Ricordate che non si tratta di vincere o perdere, ma di sostituire una discussione che degenera in rabbia con un dialogo che favorisce la comprensione.
"C'è qualcosa da dire per aiutarli a riconoscere che nessuno dei due ha ragione e nessuno dei due ha torto: in quei momenti si vogliono solo cose diverse", dice Martin. "E dobbiamo pensare a come chiedere queste cose, a come dirci educatamente che le vogliamo".
Non solo vi aiuterà a diventare meno arrabbiati e ansiosi. Modellerà un comportamento che aiuterà i bambini o i giovani nella vostra vita a fare lo stesso.
"Il controllo che gli adulti devono mostrare e avere al giorno d'oggi non è tanto il controllo dell'ambiente quanto l'autocontrollo", sottolinea Moss. "Dobbiamo mostrare ai ragazzi cosa significa allontanarsi da queste cose, essere a posto con questo, pensare che sia un valore".
E questo non vale solo per gli incontri di rabbia. Significa anche prendersi una pausa occasionale dagli stimoli che sappiamo ci provocano. Spegnete il telegiornale. Prendetevi una pausa dai social media. Non leggere i commenti a un articolo.
"Conoscete il vecchio detto: 'Siamo ciò che mangiamo'? Beh, siamo anche ciò che consumiamo mentalmente", dice l'autore Parke.
Incoraggia le persone a sostituire il consumo mentale malsano con abitudini che diffondono positività. Il suo libro e il suo sito web (12habits4allofus.org) offrono modi per concentrarsi su una diversa pratica positiva ogni mese dell'anno. Il tema di gennaio, ad esempio, è "aiutare gli altri". A marzo è "risolvere i conflitti". A luglio è "coinvolgersi".
"Sono solo cose che sono state dimenticate", dice. "E spero di riportarle in vita".
Fa tutto parte della costruzione di una società più compassionevole ed empatica. Quando ciò accade, la rabbia svanisce.

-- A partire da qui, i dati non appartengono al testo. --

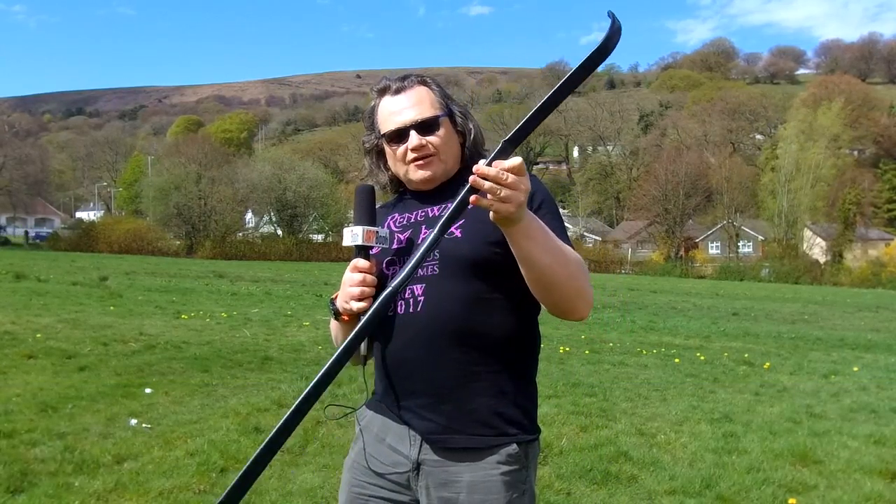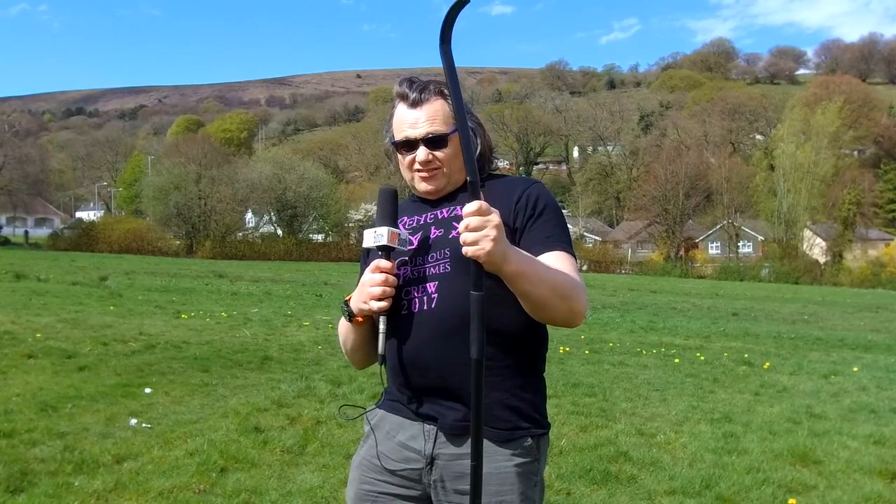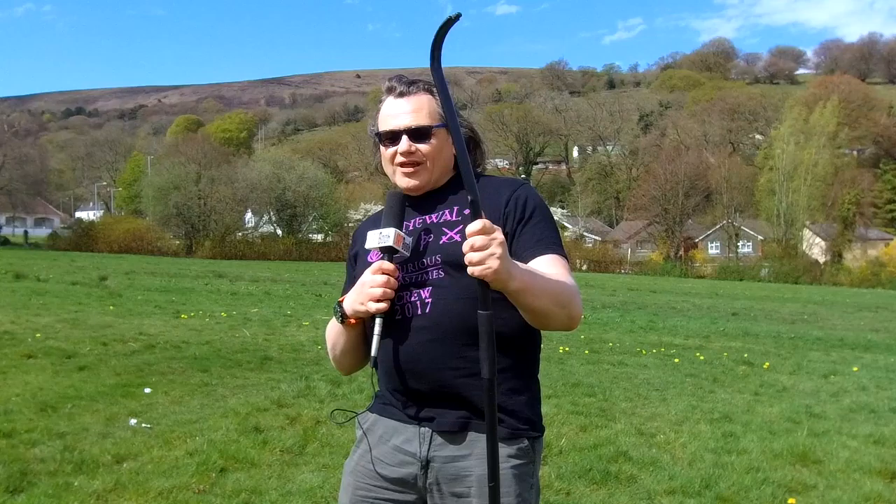I've had this bow now for a number of years, and it's been to about five games. Each time I strung it, it's kind of felt like, will it break or not? But it's always been successful, and it's always been a good end result.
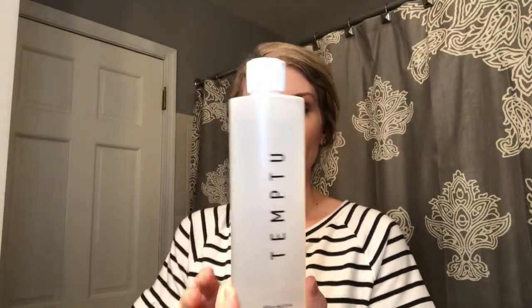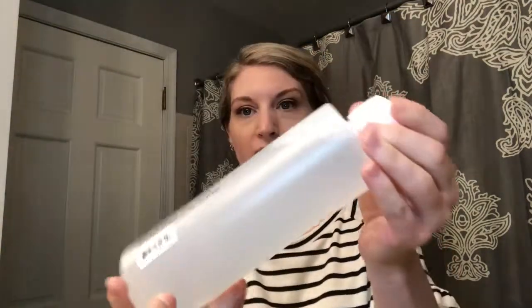Here I have a 16-ounce airbrush cleaner. This is really nice to clean the gun, the pods, implements — anything. And it doesn't leave any kind of oily feel to it, so I needed a big one for that.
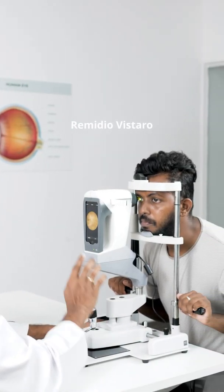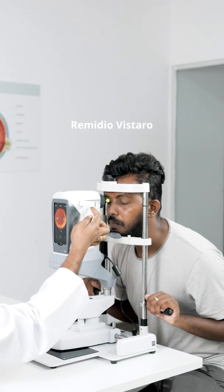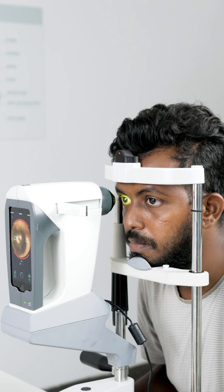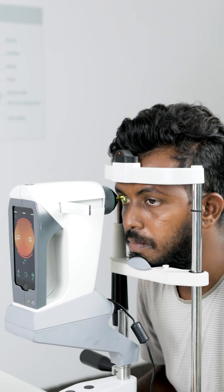The Remedio Vistaro is a wide-angled, midriatic fundus imaging device. Today we're going to have a look at how to set it up and how to use it to capture some beautiful fundus images.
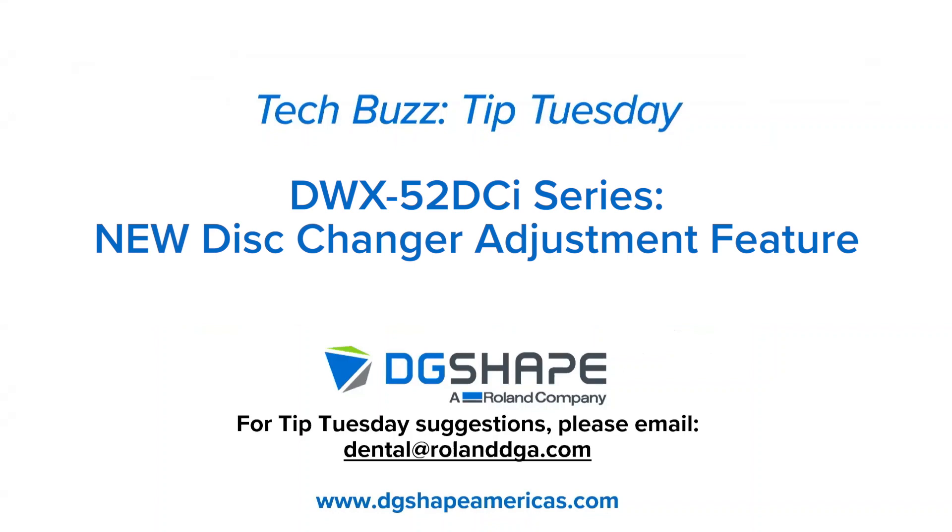Thank you again for joining us for this week's Tech Buzz Tip Tuesday. If you have suggestions for a future Tip Tuesday, please email us at dental@RolandDGA.com. Until next week, we'll see you then.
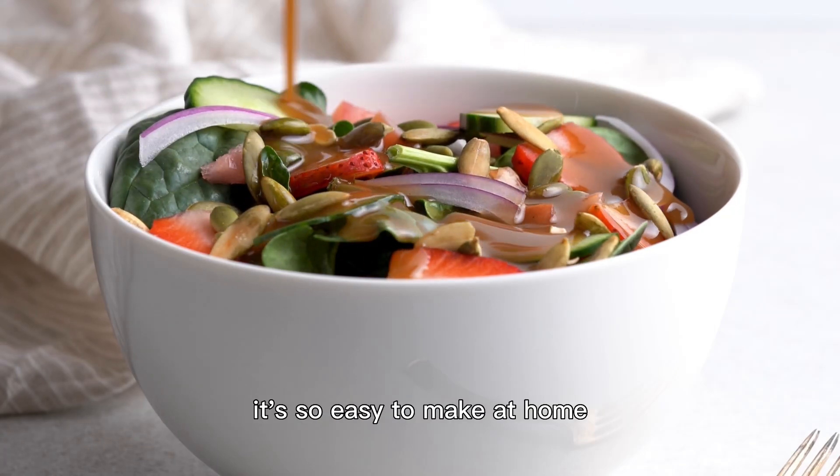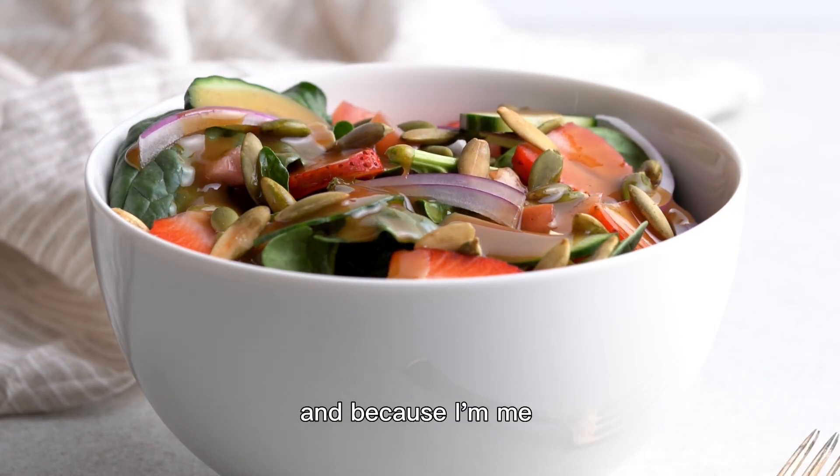Stop buying bottles of salad dressing — it's so easy to make at home. And because I'm me, I made a formula.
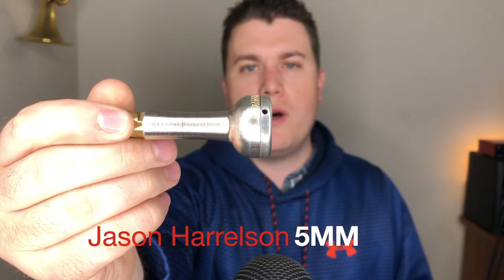Alright everyone, today I'm going to be reviewing the 5MM mouthpiece. I'll show you my current configuration. This is the Harrelson Trumpet 5MM. The MM stands for Modular Mouthpiece and there are five different modular components.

"L'empatia risolve tutto", dice Moss. "Cura. Ha potere. Quando siamo in grado di vedere qualcosa dal punto di vista di qualcun altro e di capire l'impatto di quella cosa, che si tratti di un organismo, di un animale, di un'altra persona - compresi noi stessi - allora saremo più spinti a risolverla".
Questa storia è apparsa originariamente nel numero di gennaio/febbraio 2022 di Rivista del Kiwanis.